● YOUR GOAL: Your task is to show every line in the listing below that includes "better".

══ THE DATA ══

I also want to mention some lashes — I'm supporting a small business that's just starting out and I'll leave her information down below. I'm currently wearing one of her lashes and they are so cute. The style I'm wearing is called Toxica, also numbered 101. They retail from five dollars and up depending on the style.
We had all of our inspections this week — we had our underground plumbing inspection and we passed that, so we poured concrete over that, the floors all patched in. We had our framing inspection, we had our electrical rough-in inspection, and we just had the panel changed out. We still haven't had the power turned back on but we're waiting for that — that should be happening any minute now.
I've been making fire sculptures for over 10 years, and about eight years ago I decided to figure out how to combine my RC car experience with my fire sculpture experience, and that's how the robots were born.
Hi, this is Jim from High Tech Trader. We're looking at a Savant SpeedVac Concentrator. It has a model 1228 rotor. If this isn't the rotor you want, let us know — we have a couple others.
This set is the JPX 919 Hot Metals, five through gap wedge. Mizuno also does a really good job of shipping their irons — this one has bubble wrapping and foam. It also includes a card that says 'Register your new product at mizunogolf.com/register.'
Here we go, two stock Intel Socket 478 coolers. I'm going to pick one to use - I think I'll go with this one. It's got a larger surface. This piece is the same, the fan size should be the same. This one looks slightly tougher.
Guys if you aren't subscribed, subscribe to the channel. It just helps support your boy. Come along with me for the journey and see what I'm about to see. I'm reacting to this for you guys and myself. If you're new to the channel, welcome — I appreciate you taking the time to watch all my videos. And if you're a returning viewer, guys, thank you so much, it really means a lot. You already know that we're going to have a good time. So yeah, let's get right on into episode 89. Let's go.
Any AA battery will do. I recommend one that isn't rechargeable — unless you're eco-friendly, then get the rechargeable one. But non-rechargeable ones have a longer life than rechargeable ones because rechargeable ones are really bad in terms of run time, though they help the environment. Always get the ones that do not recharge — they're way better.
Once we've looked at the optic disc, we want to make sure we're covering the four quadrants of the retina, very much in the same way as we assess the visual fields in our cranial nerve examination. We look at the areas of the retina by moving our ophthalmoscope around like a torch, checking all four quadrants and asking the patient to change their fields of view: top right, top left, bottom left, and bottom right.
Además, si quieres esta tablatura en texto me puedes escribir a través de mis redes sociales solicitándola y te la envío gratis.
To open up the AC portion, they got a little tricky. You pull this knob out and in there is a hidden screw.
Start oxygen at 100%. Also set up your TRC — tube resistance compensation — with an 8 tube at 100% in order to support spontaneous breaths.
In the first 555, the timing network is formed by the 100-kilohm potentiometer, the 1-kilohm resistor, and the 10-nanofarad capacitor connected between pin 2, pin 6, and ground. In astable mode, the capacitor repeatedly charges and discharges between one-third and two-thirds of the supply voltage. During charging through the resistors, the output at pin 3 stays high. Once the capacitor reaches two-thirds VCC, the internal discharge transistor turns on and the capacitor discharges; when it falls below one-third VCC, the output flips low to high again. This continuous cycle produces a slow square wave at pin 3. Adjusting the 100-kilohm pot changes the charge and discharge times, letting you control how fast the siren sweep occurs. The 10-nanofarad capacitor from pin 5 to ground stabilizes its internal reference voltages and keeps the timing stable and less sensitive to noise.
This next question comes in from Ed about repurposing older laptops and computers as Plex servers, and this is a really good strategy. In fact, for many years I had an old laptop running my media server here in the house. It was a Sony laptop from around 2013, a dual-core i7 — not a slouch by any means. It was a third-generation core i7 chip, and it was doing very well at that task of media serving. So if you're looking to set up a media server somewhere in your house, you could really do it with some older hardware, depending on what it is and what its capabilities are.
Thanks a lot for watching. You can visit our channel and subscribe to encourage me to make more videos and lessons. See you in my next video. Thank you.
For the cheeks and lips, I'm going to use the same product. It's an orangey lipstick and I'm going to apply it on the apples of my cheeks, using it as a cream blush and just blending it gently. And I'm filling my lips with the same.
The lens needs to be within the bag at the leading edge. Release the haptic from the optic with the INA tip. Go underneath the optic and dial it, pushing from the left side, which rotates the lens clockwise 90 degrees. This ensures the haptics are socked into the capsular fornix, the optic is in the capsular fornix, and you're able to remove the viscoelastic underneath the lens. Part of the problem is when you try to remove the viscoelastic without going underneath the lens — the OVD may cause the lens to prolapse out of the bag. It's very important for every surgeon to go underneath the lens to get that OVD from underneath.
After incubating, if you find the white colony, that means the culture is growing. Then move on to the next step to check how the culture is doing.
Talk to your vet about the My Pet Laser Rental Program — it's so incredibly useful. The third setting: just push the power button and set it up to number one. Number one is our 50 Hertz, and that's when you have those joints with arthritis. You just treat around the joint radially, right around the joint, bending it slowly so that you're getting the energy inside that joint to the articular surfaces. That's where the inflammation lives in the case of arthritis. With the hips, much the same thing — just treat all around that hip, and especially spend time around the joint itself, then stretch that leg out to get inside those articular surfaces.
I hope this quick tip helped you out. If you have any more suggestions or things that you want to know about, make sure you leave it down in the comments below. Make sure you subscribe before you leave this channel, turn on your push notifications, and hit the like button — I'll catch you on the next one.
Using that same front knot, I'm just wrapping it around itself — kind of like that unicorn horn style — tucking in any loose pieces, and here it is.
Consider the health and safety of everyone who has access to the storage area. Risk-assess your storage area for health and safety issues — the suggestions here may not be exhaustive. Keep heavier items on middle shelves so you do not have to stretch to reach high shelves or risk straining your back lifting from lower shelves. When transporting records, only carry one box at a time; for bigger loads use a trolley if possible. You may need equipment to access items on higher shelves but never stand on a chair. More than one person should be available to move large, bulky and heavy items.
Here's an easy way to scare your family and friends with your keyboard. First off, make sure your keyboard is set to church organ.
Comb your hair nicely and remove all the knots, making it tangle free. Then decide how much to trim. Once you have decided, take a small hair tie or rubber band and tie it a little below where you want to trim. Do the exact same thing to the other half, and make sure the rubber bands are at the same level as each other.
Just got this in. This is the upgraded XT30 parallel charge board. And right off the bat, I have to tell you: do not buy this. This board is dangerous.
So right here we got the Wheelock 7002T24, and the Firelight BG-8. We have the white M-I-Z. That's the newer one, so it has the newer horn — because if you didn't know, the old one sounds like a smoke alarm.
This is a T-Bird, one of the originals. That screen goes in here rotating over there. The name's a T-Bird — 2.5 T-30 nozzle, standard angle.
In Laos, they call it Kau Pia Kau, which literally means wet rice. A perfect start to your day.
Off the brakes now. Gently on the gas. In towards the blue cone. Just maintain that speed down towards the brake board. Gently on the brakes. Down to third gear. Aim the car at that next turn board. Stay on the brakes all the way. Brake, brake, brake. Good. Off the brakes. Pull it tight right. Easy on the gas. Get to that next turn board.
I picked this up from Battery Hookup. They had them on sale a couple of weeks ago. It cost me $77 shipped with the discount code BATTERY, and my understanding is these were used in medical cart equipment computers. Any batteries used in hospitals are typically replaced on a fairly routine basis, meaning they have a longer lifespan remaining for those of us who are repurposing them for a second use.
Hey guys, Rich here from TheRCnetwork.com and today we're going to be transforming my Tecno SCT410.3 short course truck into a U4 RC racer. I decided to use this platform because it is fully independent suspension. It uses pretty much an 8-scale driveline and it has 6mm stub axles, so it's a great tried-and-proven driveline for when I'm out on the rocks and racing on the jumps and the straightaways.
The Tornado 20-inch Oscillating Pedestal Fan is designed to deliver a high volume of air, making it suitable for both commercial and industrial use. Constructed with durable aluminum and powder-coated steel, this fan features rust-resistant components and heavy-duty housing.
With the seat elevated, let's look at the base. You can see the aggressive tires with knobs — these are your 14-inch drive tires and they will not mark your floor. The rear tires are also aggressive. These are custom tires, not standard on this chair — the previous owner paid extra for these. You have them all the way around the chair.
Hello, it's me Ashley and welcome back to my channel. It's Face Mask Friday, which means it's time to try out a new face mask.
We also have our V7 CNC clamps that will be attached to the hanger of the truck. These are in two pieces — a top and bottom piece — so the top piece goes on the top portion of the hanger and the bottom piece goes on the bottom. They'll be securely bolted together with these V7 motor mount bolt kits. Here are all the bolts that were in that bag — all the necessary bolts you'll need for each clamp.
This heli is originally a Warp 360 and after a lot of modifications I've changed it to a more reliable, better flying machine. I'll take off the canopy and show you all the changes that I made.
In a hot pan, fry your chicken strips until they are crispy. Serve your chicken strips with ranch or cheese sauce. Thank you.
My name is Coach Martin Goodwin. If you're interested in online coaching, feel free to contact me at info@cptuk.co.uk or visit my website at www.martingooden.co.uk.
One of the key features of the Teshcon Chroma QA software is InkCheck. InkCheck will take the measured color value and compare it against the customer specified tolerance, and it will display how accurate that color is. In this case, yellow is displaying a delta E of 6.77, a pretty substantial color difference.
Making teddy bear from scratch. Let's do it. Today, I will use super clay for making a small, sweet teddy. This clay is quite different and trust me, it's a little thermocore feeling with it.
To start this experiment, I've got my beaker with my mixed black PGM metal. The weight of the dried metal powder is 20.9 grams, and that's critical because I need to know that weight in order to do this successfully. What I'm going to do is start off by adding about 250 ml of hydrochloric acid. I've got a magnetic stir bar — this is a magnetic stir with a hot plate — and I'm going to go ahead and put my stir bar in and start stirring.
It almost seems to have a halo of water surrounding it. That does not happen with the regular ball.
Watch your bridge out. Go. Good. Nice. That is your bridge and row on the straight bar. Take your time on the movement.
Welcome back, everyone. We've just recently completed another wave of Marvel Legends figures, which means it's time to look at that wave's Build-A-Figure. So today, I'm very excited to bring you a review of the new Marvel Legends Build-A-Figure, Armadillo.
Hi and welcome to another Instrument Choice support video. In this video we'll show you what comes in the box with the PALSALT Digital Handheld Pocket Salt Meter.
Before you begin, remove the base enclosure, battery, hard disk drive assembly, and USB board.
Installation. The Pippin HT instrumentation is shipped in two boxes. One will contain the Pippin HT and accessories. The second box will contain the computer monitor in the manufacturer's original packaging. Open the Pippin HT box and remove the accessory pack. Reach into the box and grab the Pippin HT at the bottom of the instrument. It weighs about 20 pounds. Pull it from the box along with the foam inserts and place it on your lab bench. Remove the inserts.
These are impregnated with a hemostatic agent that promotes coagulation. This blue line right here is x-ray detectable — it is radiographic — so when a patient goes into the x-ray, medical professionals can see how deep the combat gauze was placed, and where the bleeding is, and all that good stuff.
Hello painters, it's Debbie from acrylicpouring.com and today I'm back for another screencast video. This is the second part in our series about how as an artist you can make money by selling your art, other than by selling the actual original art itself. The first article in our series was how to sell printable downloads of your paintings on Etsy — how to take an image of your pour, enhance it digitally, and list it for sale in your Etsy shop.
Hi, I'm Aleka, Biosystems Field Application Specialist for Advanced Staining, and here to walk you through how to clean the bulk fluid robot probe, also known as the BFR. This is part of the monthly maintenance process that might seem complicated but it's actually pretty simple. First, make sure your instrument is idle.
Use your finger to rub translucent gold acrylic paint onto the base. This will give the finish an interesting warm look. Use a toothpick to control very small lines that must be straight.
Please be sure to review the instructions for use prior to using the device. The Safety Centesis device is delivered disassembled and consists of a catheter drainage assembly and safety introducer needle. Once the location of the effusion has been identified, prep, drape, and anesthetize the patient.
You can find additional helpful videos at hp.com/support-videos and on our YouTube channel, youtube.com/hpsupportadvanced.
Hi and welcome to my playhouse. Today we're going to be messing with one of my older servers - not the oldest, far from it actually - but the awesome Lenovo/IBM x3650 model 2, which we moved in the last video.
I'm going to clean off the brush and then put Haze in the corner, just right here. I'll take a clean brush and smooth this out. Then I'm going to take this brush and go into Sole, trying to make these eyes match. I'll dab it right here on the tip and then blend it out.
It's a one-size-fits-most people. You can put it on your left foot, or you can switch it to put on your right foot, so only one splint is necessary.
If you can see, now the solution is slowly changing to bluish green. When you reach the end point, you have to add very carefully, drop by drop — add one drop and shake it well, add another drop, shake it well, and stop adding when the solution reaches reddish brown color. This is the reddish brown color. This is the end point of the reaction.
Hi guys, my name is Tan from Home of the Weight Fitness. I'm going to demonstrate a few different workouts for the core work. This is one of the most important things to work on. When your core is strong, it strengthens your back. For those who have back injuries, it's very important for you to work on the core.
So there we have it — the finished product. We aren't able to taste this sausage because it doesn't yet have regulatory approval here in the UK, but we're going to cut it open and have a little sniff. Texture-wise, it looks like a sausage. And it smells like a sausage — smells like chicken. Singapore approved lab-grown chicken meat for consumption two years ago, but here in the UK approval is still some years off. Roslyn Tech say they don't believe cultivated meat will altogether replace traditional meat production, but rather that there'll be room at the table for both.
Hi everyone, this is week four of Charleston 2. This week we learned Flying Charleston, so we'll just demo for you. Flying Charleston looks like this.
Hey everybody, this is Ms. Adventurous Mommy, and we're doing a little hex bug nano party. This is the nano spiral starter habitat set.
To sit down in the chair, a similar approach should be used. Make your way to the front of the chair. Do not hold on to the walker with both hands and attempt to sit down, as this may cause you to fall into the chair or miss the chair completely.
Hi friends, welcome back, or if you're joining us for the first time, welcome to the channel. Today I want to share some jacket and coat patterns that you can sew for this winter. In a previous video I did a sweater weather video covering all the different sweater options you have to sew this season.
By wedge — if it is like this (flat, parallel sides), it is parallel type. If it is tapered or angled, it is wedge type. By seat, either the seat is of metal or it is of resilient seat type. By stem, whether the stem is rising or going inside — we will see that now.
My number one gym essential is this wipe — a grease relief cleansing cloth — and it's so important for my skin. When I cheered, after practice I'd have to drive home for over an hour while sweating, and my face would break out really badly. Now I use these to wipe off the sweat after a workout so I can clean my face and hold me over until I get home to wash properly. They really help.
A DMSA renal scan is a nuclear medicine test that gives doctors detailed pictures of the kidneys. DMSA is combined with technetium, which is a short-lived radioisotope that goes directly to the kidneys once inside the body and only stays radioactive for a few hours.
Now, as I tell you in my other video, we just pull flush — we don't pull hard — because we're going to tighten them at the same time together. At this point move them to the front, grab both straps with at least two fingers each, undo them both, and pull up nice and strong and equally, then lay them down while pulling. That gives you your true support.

═══

● SOLUTION BELOW:
Any AA battery will do. I recommend one that isn't rechargeable — unless you're eco-friendly, then get the rechargeable one. But non-rechargeable ones have a longer life than rechargeable ones because rechargeable ones are really bad in terms of run time, though they help the environment. Always get the ones that do not recharge — they're way better.
This heli is originally a Warp 360 and after a lot of modifications I've changed it to a more reliable, better flying machine. I'll take off the canopy and show you all the changes that I made.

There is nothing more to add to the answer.